┌──

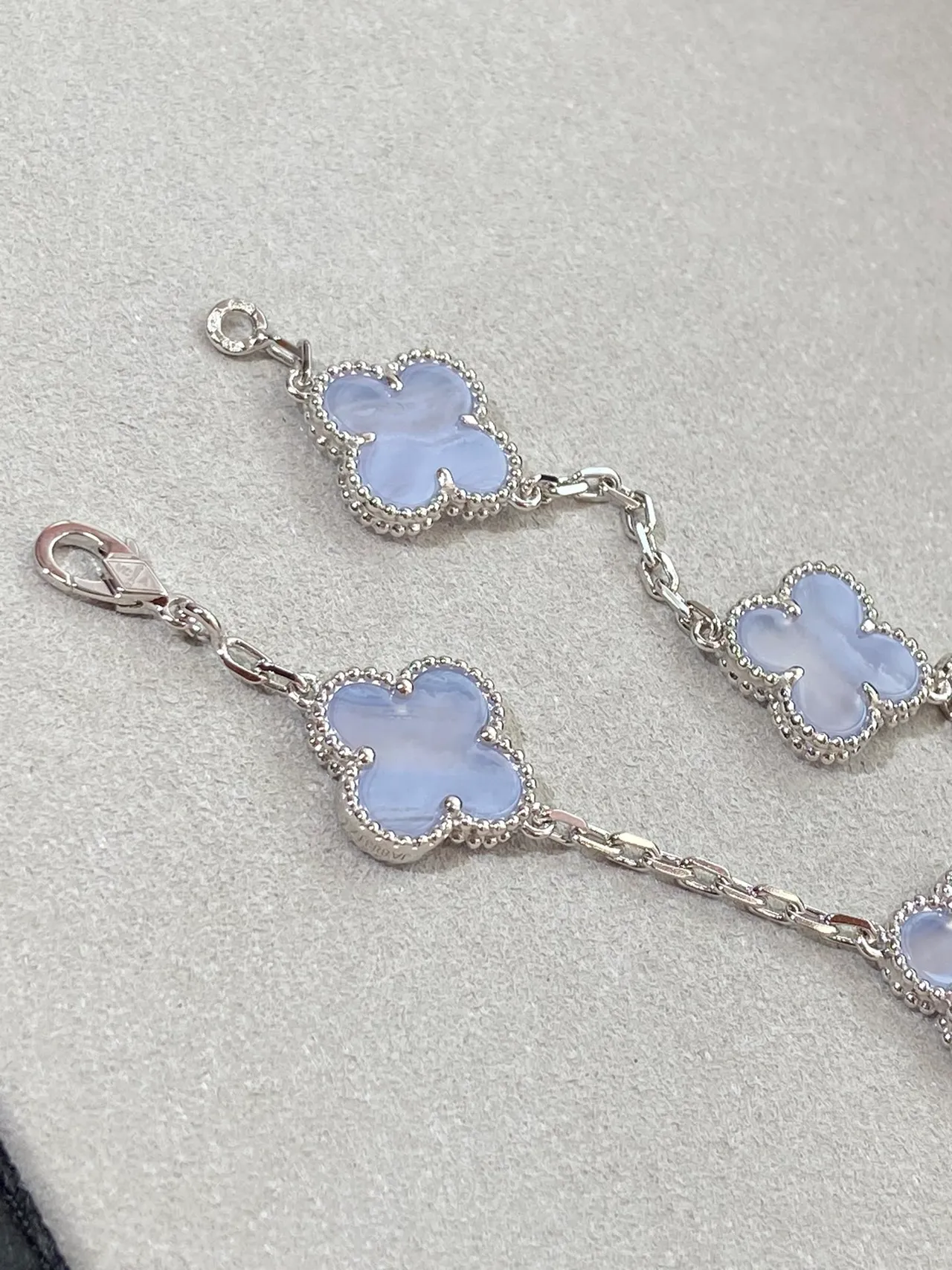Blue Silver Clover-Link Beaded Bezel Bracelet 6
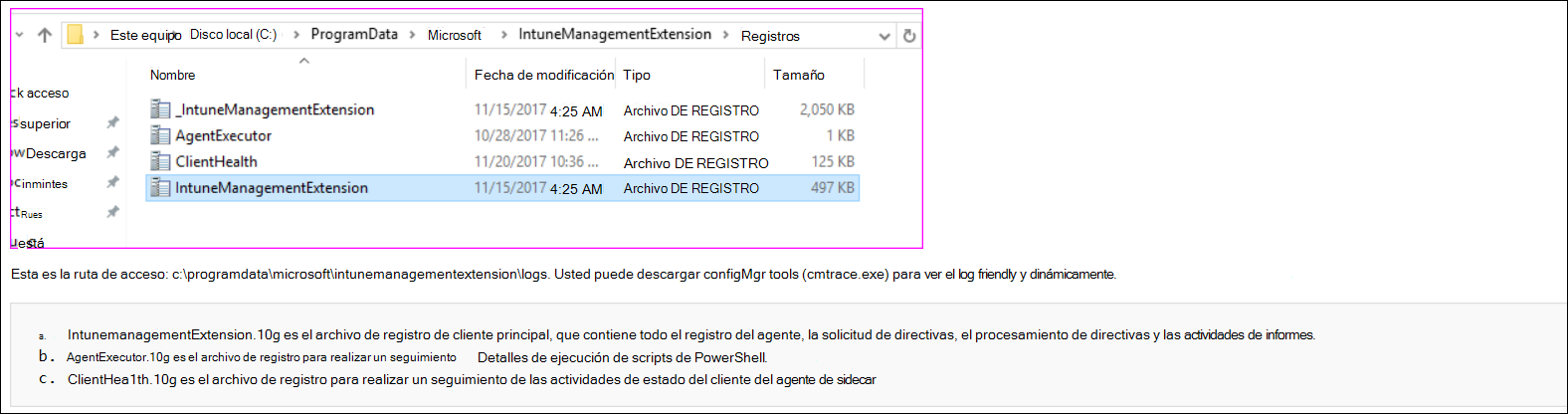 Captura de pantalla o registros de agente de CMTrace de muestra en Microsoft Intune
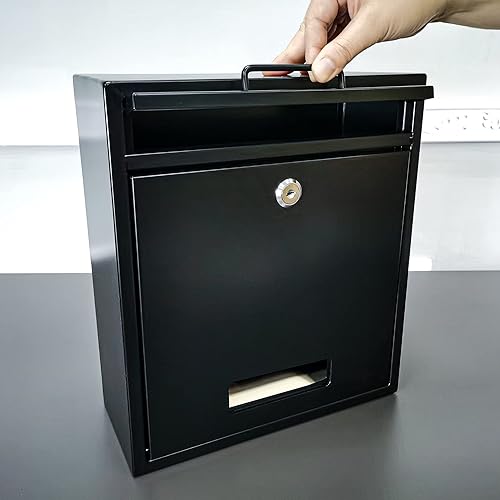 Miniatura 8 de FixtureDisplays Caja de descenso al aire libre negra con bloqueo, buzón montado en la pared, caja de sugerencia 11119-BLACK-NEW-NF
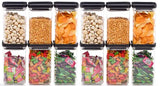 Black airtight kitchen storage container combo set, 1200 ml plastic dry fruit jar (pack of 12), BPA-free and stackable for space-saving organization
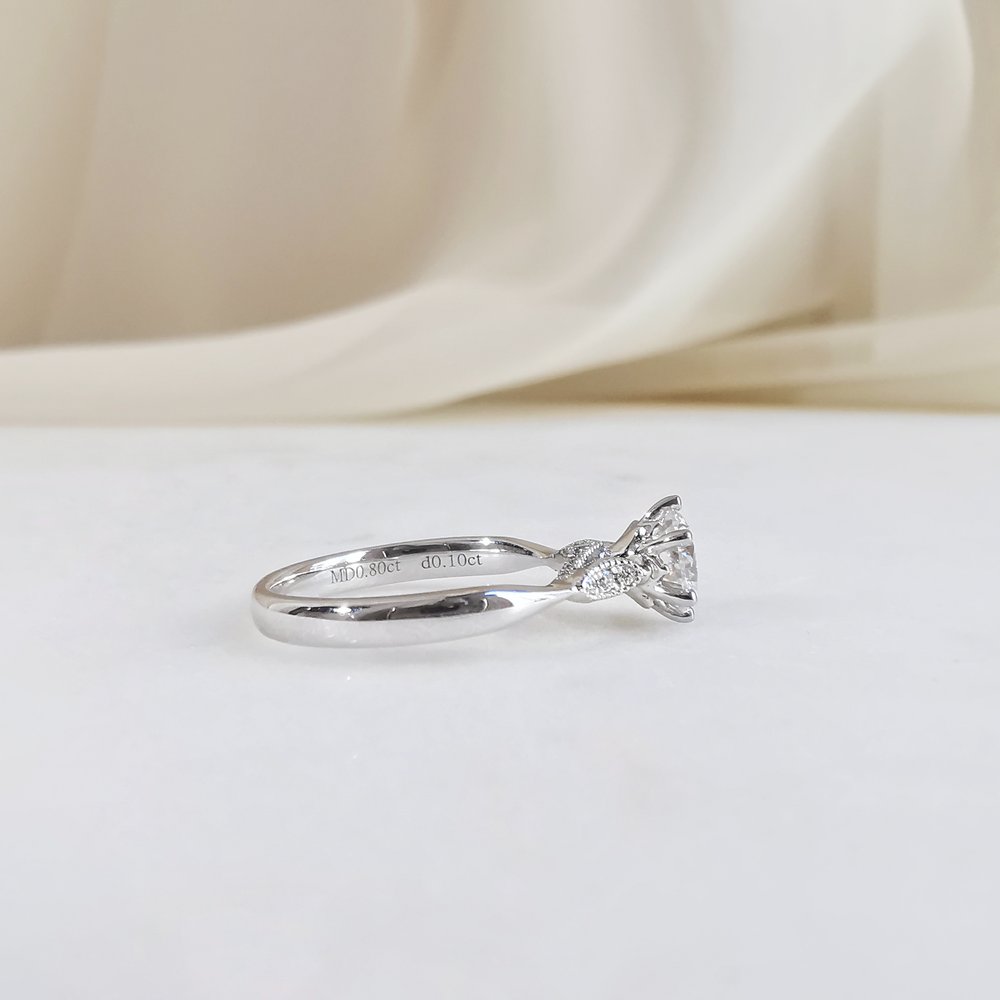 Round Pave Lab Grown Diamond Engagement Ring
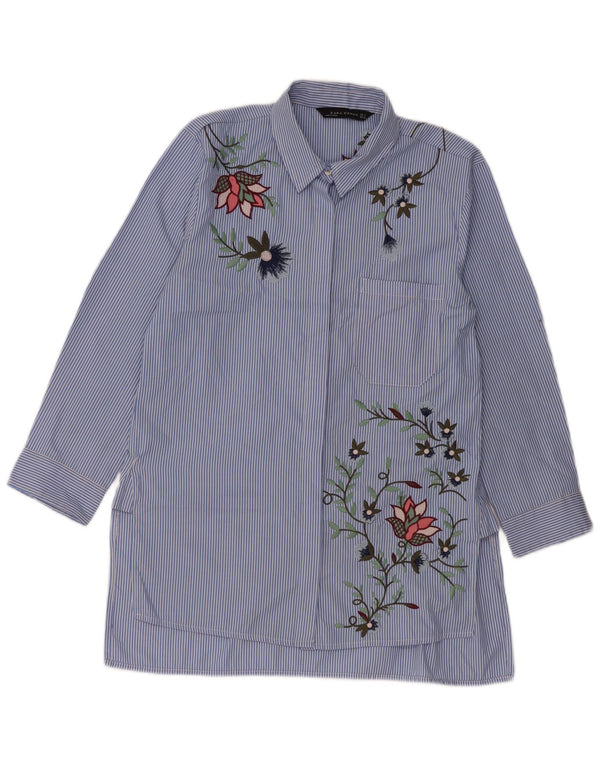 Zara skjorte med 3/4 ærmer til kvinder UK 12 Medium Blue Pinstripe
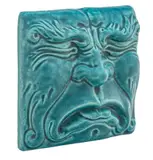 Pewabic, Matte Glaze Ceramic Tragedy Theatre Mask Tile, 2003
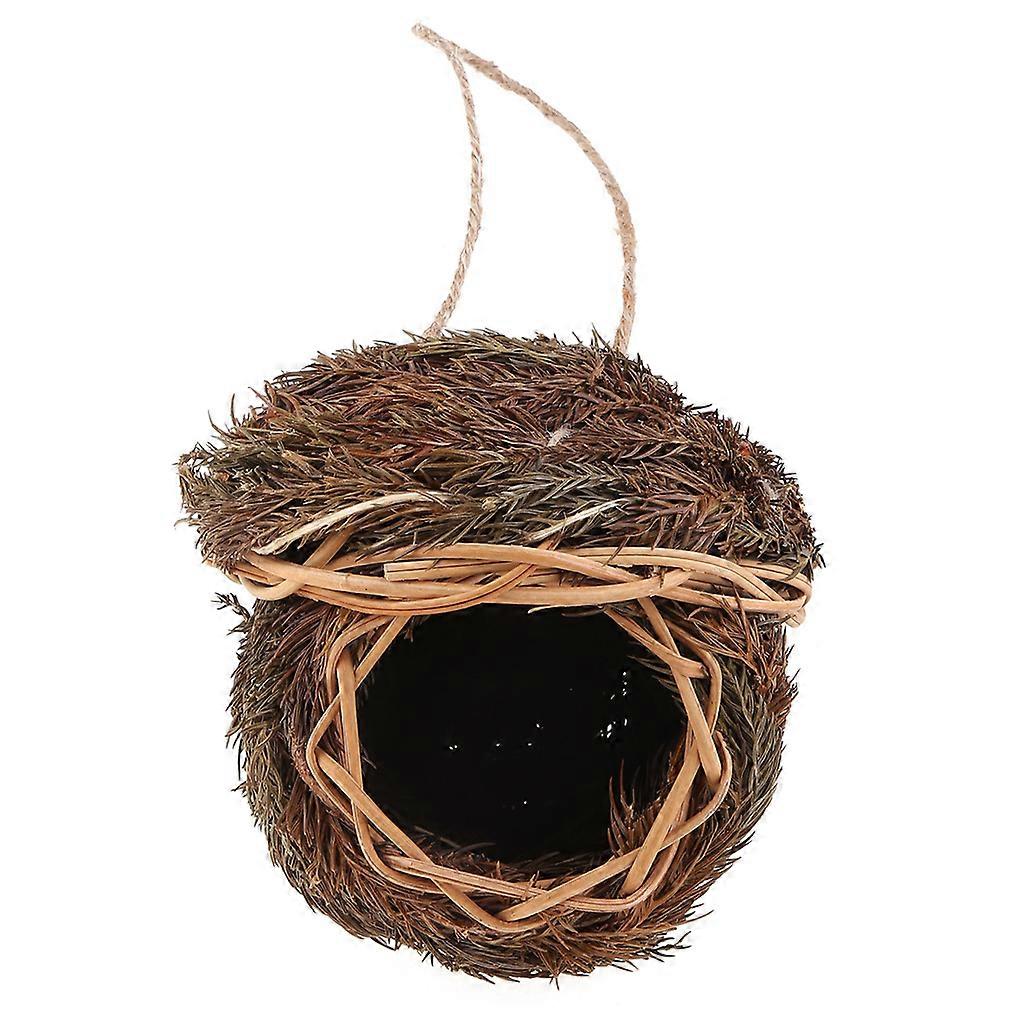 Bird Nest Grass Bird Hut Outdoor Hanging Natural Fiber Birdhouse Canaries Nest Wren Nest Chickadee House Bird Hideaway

└──

| Your task |
Each line above should be returned exactly as written, apart from any pictures.

| Answer |
Blue Silver Clover-Link Beaded Bezel Bracelet 6
 Captura de pantalla o registros de agente de CMTrace de muestra en Microsoft Intune
 Miniatura 8 de FixtureDisplays Caja de descenso al aire libre negra con bloqueo, buzón montado en la pared, caja de sugerencia 11119-BLACK-NEW-NF
 Black airtight kitchen storage container combo set, 1200 ml plastic dry fruit jar (pack of 12), BPA-free and stackable for space-saving organization
 Round Pave Lab Grown Diamond Engagement Ring
 Zara skjorte med 3/4 ærmer til kvinder UK 12 Medium Blue Pinstripe
 Pewabic, Matte Glaze Ceramic Tragedy Theatre Mask Tile, 2003
 Bird Nest Grass Bird Hut Outdoor Hanging Natural Fiber Birdhouse Canaries Nest Wren Nest Chickadee House Bird Hideaway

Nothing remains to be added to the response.